Il ventiduenne morto nel Milanese è stato riconosciuto dalla fidanzata. Rispedito a casa nel 2013, era tornato

MilanoLa fidanzata, classica «brava ragazza» incensurata, non vedendolo tornare a casa, nell'appartamentino rabberciato di Trezzo d'Adda che dividevano insieme, aveva intuito che si era ficcato nell'ennesimo guaio. Così martedì pomeriggio si è decisa e, anche se controvoglia, ha denunciato la scomparsa del suo convivente ai carabinieri della stazione locale. È toccato così a questa ventenne albanese riconoscere ieri all'alba all'obitorio milanese di piazzale Gorini, nel giovane cadavere del connazionale compagno di vita, il ladro 22enne ucciso a Vaprio d'Adda dal pensionato Francesco Sicignano. «È lui» ha dichiarato tra le lacrime. «Non era cattivo - ha insistito più volte, quasi a volerlo scusare, tentando di ricucirgli una dignità - ma con la vita che faceva sapevo che prima o poi ci avrebbe rimesso la pelle, che gli sarebbe successo qualcosa di brutto».
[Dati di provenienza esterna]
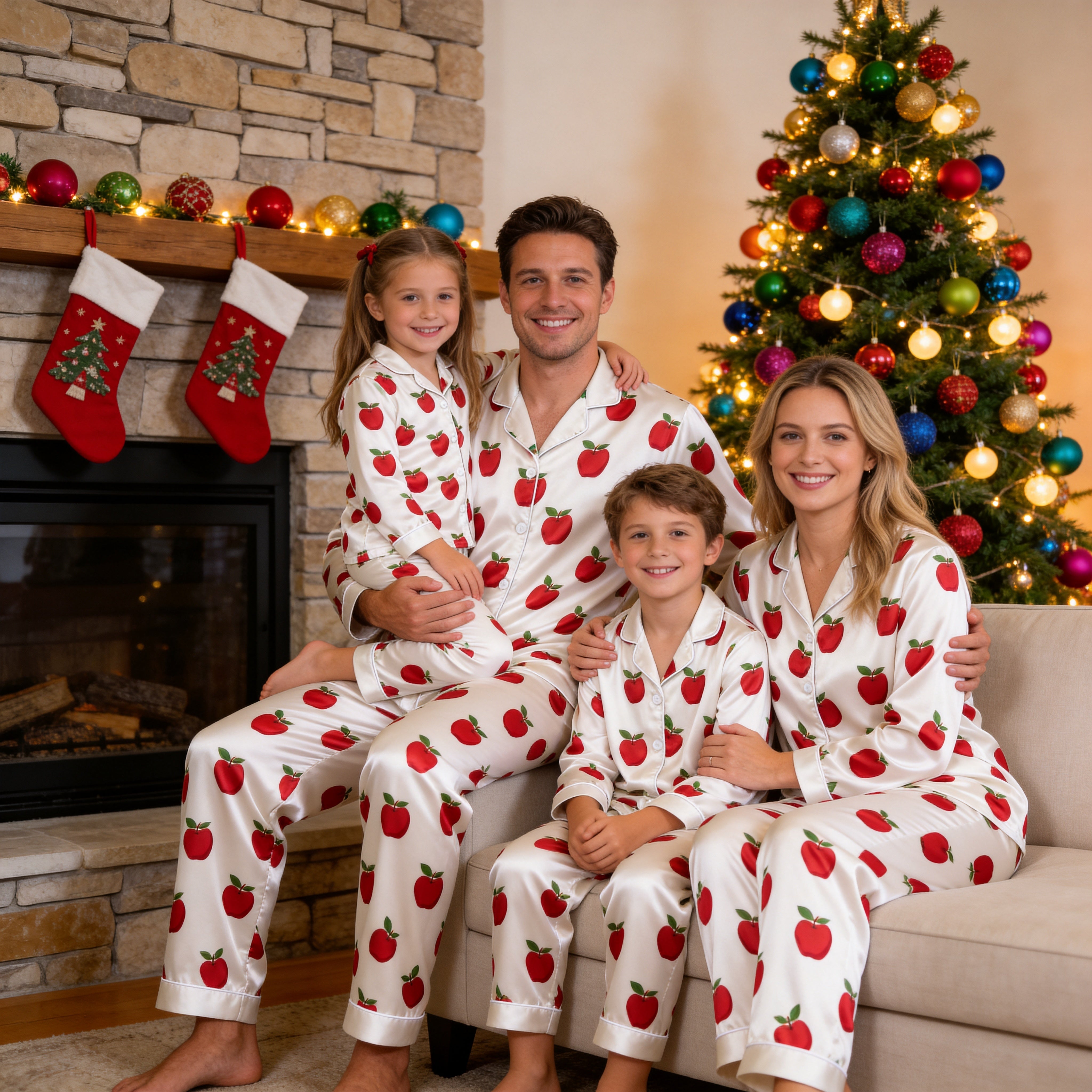 White Red Apple Print Satin Button-Up Family Pajamas Set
Balordo nell'anima o povero disperato, a questo punto poco conta. Gli investigatori dell'Arma dei carabinieri (che ancora non ne hanno diffuso nome e cognome) ne sono convinti: «Faceva sicuramente parte di una banda omogenea di ladri specializzati in furti in appartamento. I due complici a cui diamo la caccia e che la sera che è stato ucciso erano con lui a Vaprio in via Cagnola 19, sono al 99 per cento albanesi come lui».

A chi si ostina a buttare la croce sul pensionato che ha sparato al ladro nella sua villetta di Vaprio d'Adda, facendo notare insistentemente come il proiettile che ha ucciso l'albanese 22enne avrebbe avuto una traiettoria dall'alto verso il basso, compatibile, per esempio, con un colpo sparato dalla cima delle scale verso i gradini in basso e quindi a far apparire il padrone di casa un ex consulente finanziario dal passato non proprio limpidissimo e dal grilletto facile, segnaliamo che il ménage dell'albanese ucciso era piuttosto routinario e comprendeva purtroppo un fitto «fuori e dentro» dal carcere.

Arrivato clandestinamente in Italia nel 2012, a 19 anni, il giovane aveva collezionato diversi precedenti penali, per lo più per furto e rapina, i cosiddetti «reati contro il patrimonio».

Dopo l'ennesima scarcerazione per furto (era stato catturato in flagranza), l'anno successivo il ragazzo era stato espulso «coattivamente»: preso e messo su un aereo, accompagnato dalla polizia, con biglietto di sola andata, Malpensa-Tirana. Tenace, forse davvero disperato, era riuscito a tornare nel Milanese. E con la sua vita spericolata, qui ha trovato la morte.